▶ [WORK TO COMPLETE]
The answer must be the full data, restated word for word, with no pictures in it.

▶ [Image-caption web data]
╭──

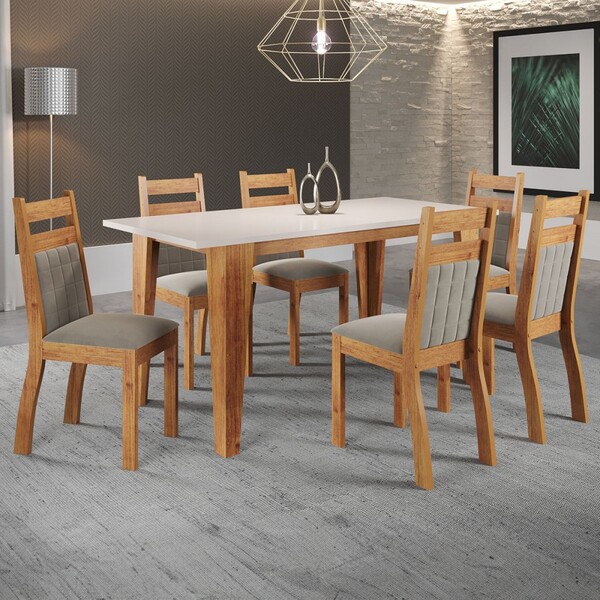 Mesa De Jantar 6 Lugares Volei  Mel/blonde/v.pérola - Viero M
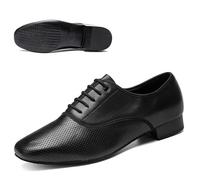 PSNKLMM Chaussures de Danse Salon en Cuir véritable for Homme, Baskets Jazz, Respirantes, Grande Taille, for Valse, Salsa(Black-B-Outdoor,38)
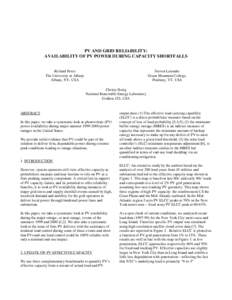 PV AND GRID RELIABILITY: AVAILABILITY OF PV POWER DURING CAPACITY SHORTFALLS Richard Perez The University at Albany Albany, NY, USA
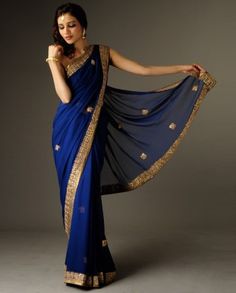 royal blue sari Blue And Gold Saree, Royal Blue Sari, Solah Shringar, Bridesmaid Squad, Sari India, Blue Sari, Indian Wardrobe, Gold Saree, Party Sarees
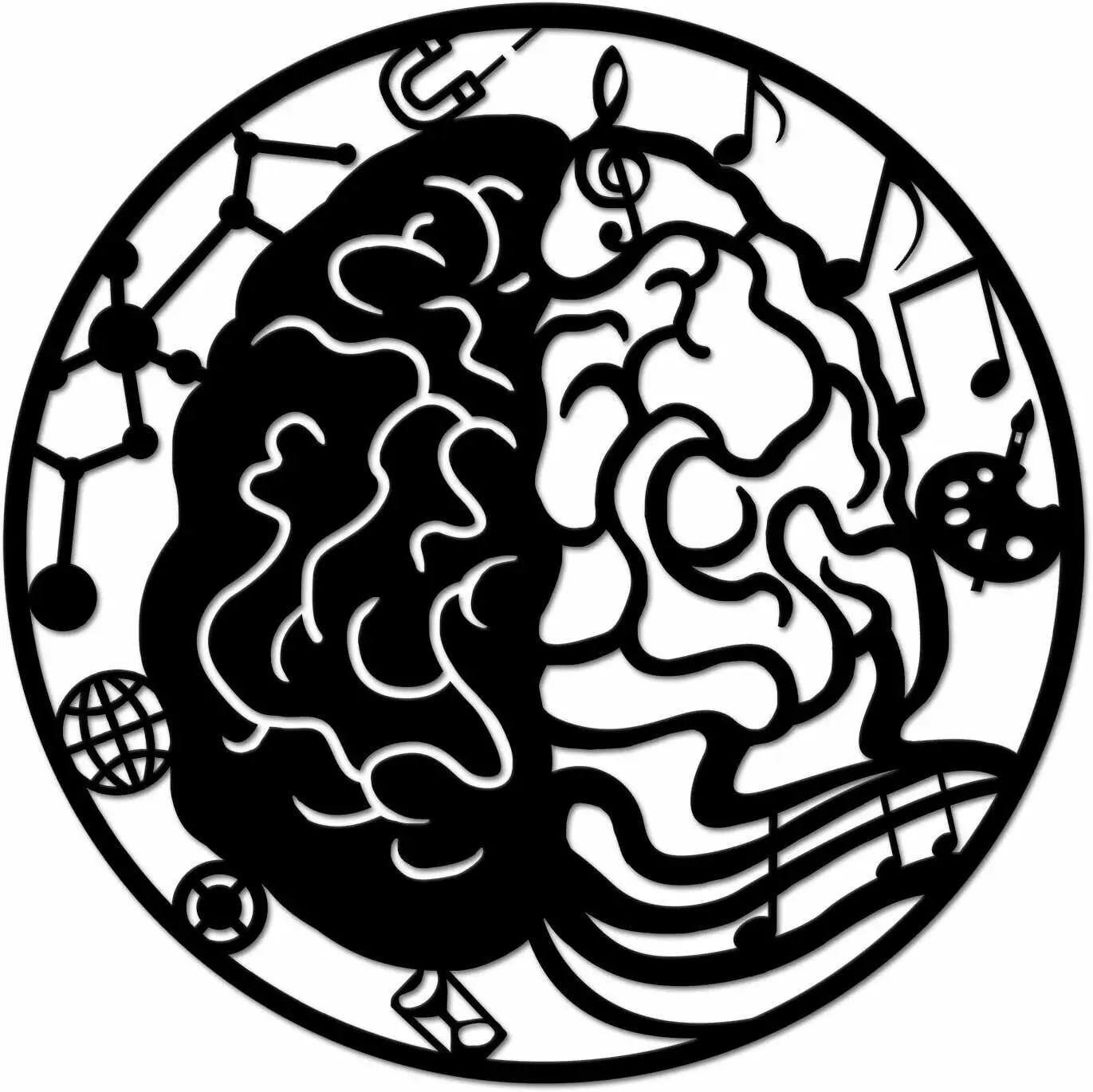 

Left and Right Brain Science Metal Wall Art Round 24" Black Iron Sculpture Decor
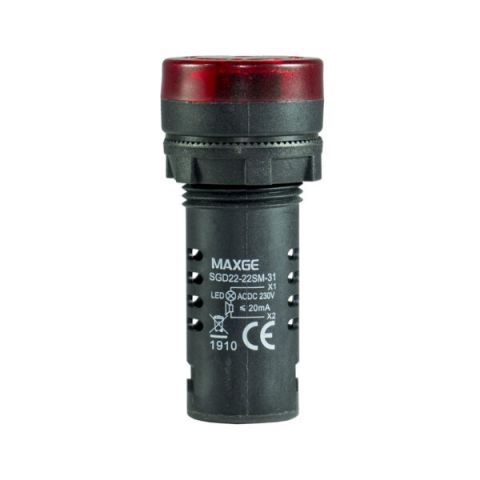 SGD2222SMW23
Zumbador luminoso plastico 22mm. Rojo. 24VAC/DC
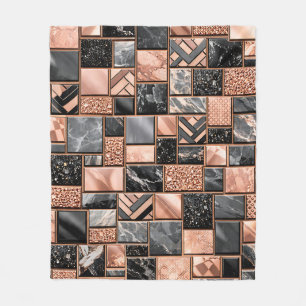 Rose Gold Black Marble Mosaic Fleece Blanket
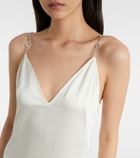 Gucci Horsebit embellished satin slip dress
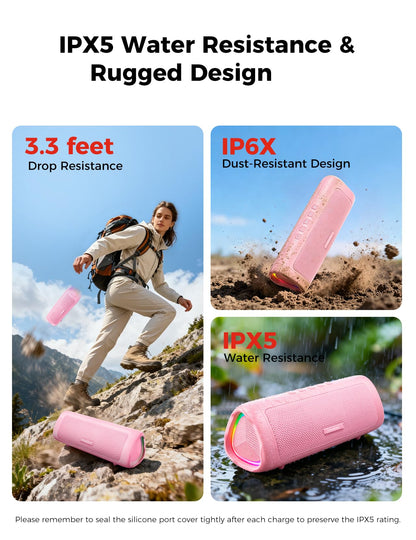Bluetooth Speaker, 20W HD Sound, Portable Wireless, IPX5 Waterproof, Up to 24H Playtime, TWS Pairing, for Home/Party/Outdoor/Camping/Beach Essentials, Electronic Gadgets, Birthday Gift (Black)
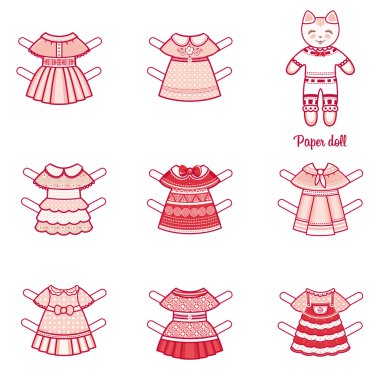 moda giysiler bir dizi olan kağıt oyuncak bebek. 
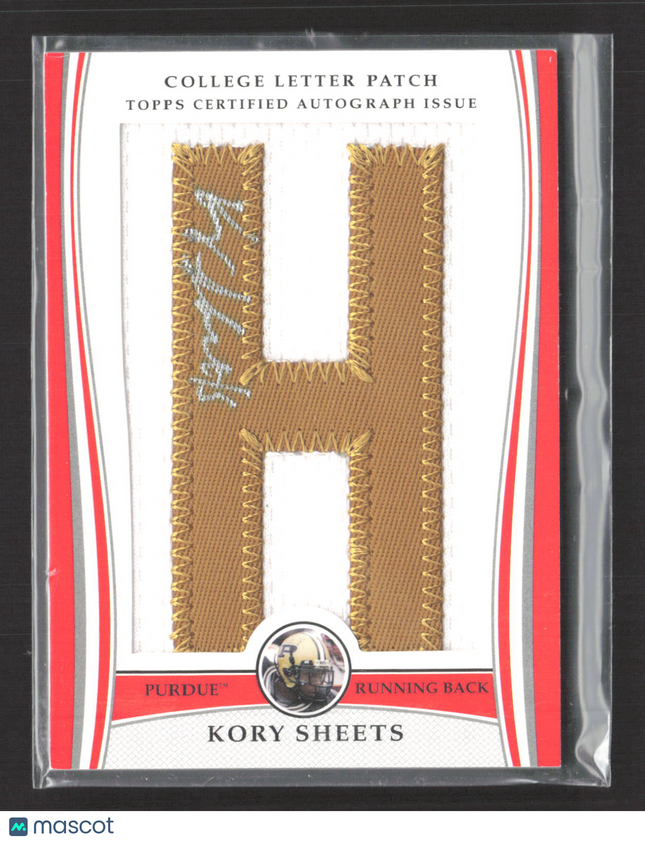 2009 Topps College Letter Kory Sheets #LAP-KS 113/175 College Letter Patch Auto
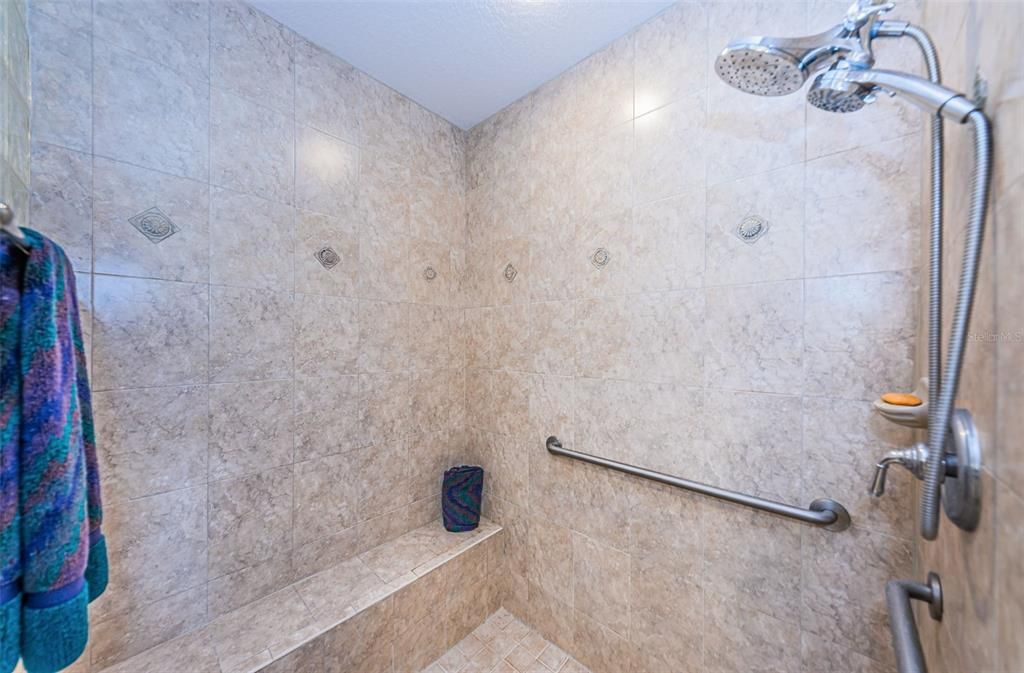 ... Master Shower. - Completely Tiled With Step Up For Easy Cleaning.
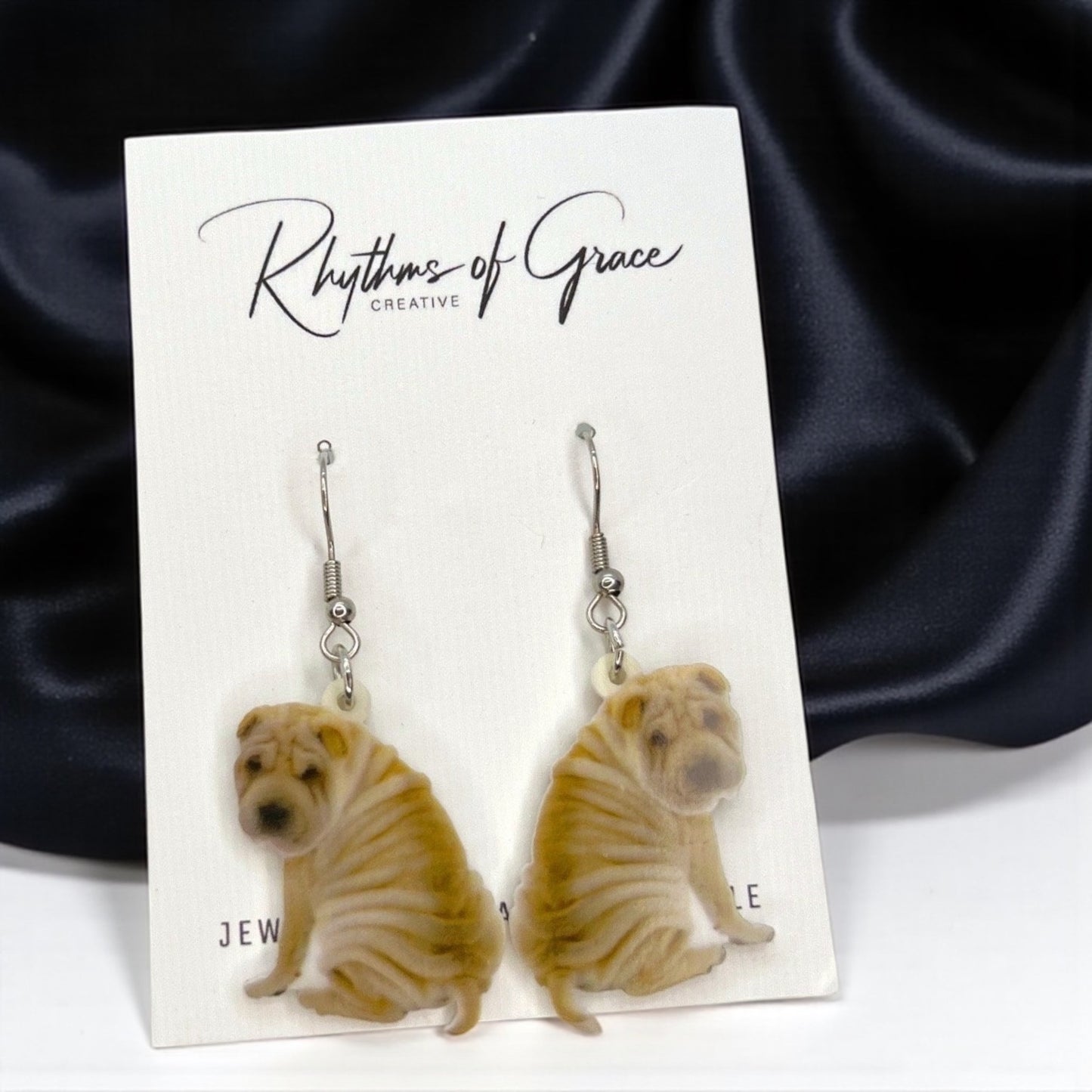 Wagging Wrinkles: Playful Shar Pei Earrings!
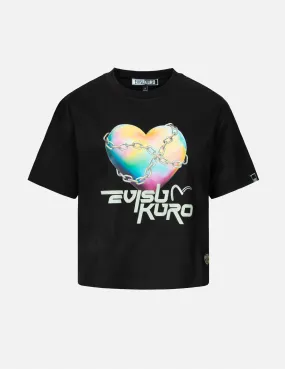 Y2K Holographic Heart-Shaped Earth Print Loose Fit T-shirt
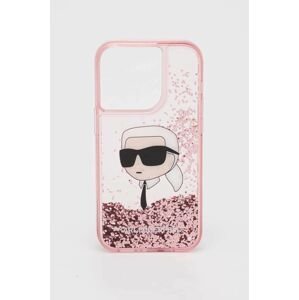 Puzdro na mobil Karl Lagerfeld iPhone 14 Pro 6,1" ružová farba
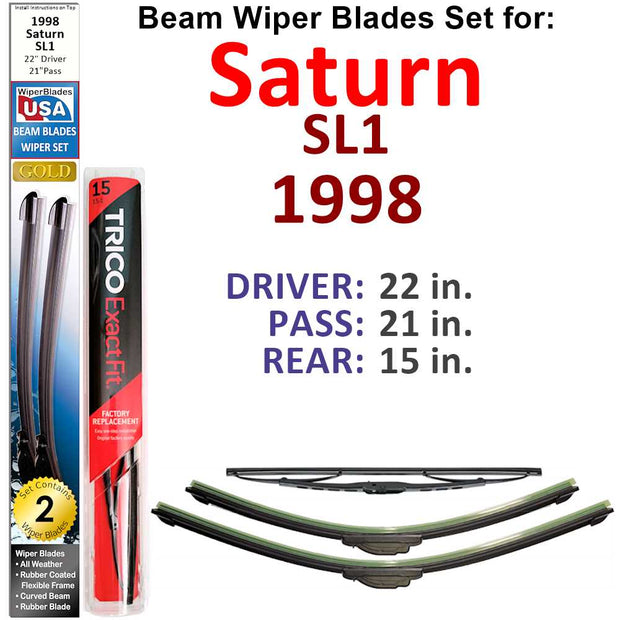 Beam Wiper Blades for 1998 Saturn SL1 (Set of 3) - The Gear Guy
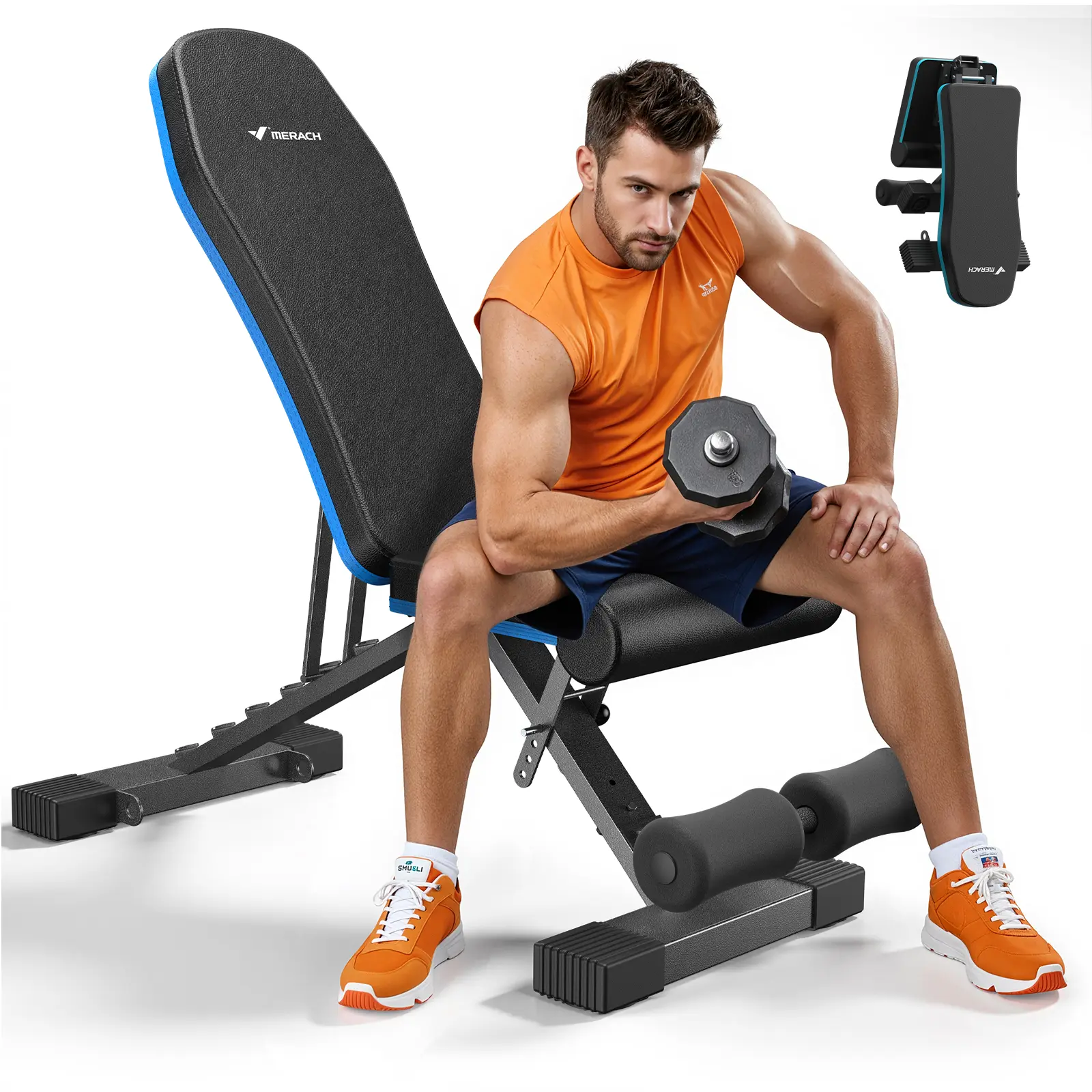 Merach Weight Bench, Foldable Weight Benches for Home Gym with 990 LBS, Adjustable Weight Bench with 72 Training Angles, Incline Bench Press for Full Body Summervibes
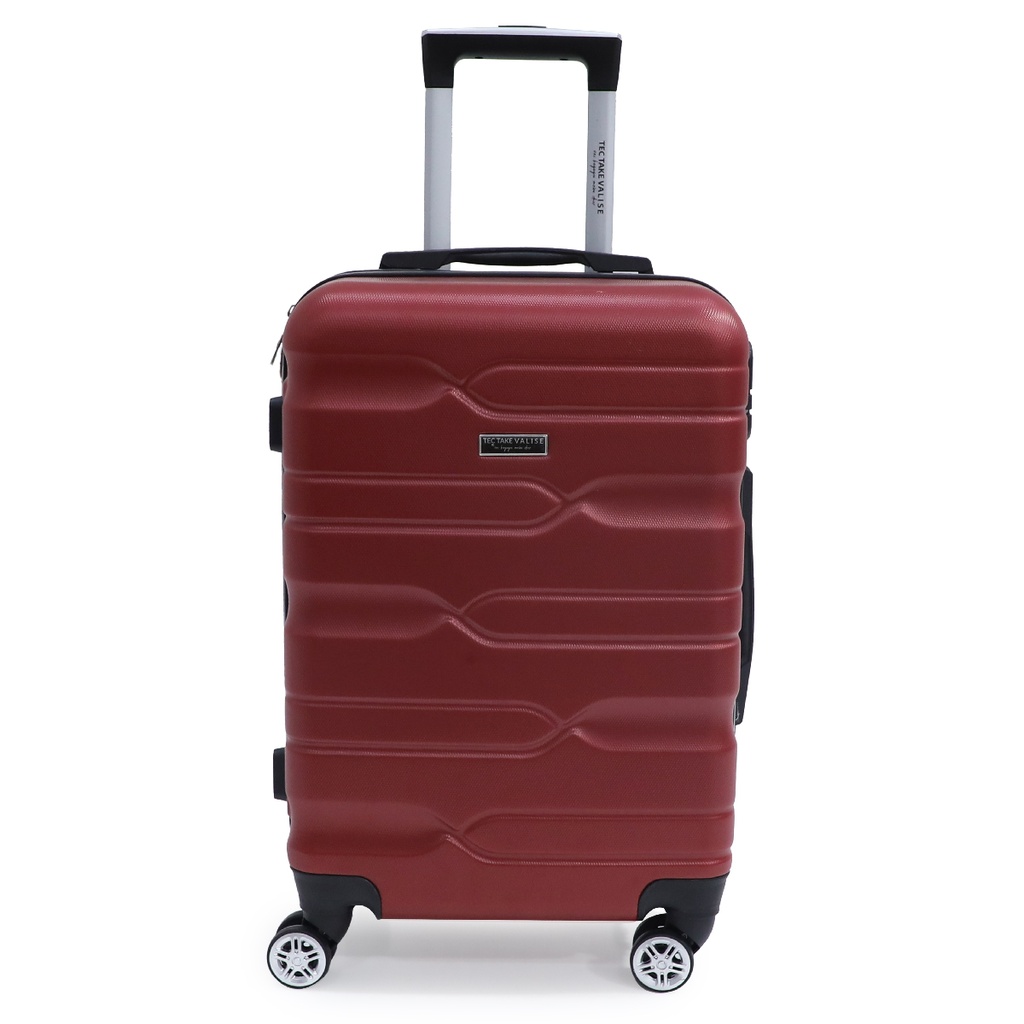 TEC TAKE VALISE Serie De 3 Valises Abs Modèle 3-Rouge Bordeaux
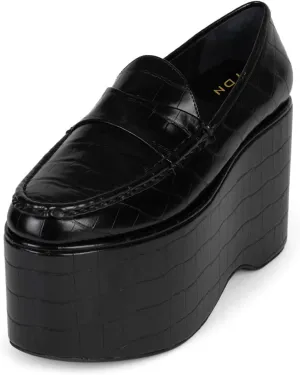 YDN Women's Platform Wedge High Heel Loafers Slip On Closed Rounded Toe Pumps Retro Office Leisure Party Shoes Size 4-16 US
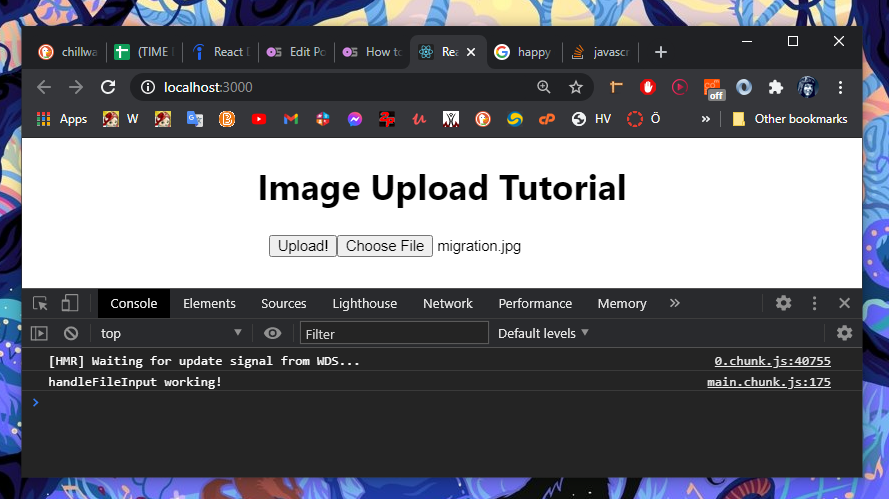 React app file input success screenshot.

╰──

▶ [TASK OUTPUT]
 Mesa De Jantar 6 Lugares Volei  Mel/blonde/v.pérola - Viero M
 PSNKLMM Chaussures de Danse Salon en Cuir véritable for Homme, Baskets Jazz, Respirantes, Grande Taille, for Valse, Salsa(Black-B-Outdoor,38)
 PV AND GRID RELIABILITY: AVAILABILITY OF PV POWER DURING CAPACITY SHORTFALLS Richard Perez The University at Albany Albany, NY, USA
 royal blue sari Blue And Gold Saree, Royal Blue Sari, Solah Shringar, Bridesmaid Squad, Sari India, Blue Sari, Indian Wardrobe, Gold Saree, Party Sarees

Left and Right Brain Science Metal Wall Art Round 24" Black Iron Sculpture Decor
 SGD2222SMW23
Zumbador luminoso plastico 22mm. Rojo. 24VAC/DC
 Rose Gold Black Marble Mosaic Fleece Blanket
 Gucci Horsebit embellished satin slip dress
Bluetooth Speaker, 20W HD Sound, Portable Wireless, IPX5 Waterproof, Up to 24H Playtime, TWS Pairing, for Home/Party/Outdoor/Camping/Beach Essentials, Electronic Gadgets, Birthday Gift (Black)
 moda giysiler bir dizi olan kağıt oyuncak bebek. 
 2009 Topps College Letter Kory Sheets #LAP-KS 113/175 College Letter Patch Auto
 ... Master Shower. - Completely Tiled With Step Up For Easy Cleaning.
 Wagging Wrinkles: Playful Shar Pei Earrings!
 Y2K Holographic Heart-Shaped Earth Print Loose Fit T-shirt
 Puzdro na mobil Karl Lagerfeld iPhone 14 Pro 6,1" ružová farba
 Beam Wiper Blades for 1998 Saturn SL1 (Set of 3) - The Gear Guy
 Merach Weight Bench, Foldable Weight Benches for Home Gym with 990 LBS, Adjustable Weight Bench with 72 Training Angles, Incline Bench Press for Full Body Summervibes
 TEC TAKE VALISE Serie De 3 Valises Abs Modèle 3-Rouge Bordeaux
 YDN Women's Platform Wedge High Heel Loafers Slip On Closed Rounded Toe Pumps Retro Office Leisure Party Shoes Size 4-16 US
 React app file input success screenshot.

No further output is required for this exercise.